One of the biggest products that Wallumination has sold so far is 60 by 47-inch unit that was displayed at the International Contemporary Furniture Fair (ICFF) in New York in May of 2019. After the event, it was sent to Puerto Rico for interior designer, Fernando Rodriguez. Then there is a 65 by 82-inch unit for the hallway of a penthouse in New York, and finally an L-shaped interchangeable art box unit that is over 15 feet long for a Toronto real estate development office. Where Wallumination has not seen products like theirs widely adopted is the residential sector.
“I have them in my house and I love them,” says Bilyea. Of course she would. “People do not print photos anymore, but maybe this gives them a reason to do so.” Backlit photographs of a late family member, children’s graduations, a wedding present to a couple, or a retirement gift, are just some of the ways that people could be using these systems. “We have set products and set sizes for people to submit any photo that they want,” she says, “but it is too out there. People are not thinking like this for their homes yet, although it is coming.”
If people are not ready to embrace these systems at home, Bilyea can envision them being applying in other personal settings. “I see it customizing what a cubicle could look like. Sound acoustic products are a whole industry in itself, and it is a whole new area for us,” she says. Wallumination has partnered with sound experts to see how imagery can be backlit, while still being acoustic. With their manufacturer, they built a sound room just outside of Toronto to test out new products.
“Everything for sound seems to use felt and tiles,” describes Bilyea. “A lot of times you cannot print on acoustic fabric, but we will be able to print on ours.” The backlit fabric is placed in front of the acoustic fabric, then both are illuminated from the front for an elegant look to a space where many spend most of their days. “If you have a boring grey cubicle, with a system that allows you to take that fabric out, you could put in your favourite piece of art printed on recycled fabric,” proposes Bilyea. “Then when you change jobs in five years, somebody else can come and put something else there.”
Putting artwork in these systems has proven complicated for two reasons: mass production and concerns by artists. “What we are finding is that the Amazons, the Houzzs, and the Wayfairs of the internet do not want do-it-yourself products,” explains Bilyea. “They want us to pick certain photos that we think are going to do well, and then market them as products.” To meet this challenge, Wallumination partners with artists who are willing to create work that can be mass produced. Bilyea’s mother who is an artist, has partnered with the company on a series of backlit imagery systems for children’s rooms.

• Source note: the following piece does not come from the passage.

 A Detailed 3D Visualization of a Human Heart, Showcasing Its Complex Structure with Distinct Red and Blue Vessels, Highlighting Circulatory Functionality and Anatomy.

Finding artists who are as willing as her mother has been another challenge, but one that Bilyea has managed to slowly work through. “Artists are very skittish about letting their work be used in this way unless they are already doing digital prints,” she explains. “If they are only doing originals, they do not want to devalue their art. I think that if they thought about their work being backlit, and did exclusive versions, it would add to the value.”
Some artists and photographers have considered creating backlit work, but do not have the expertise nor resources to do it. Recently, American photographer Jeff Becker partnered with Wallumination to help him promote his work.
“With the photographers and artists, it is their art, I do not own it.” says Bilyea. “You are buying a print from an artist using my box as a frame.”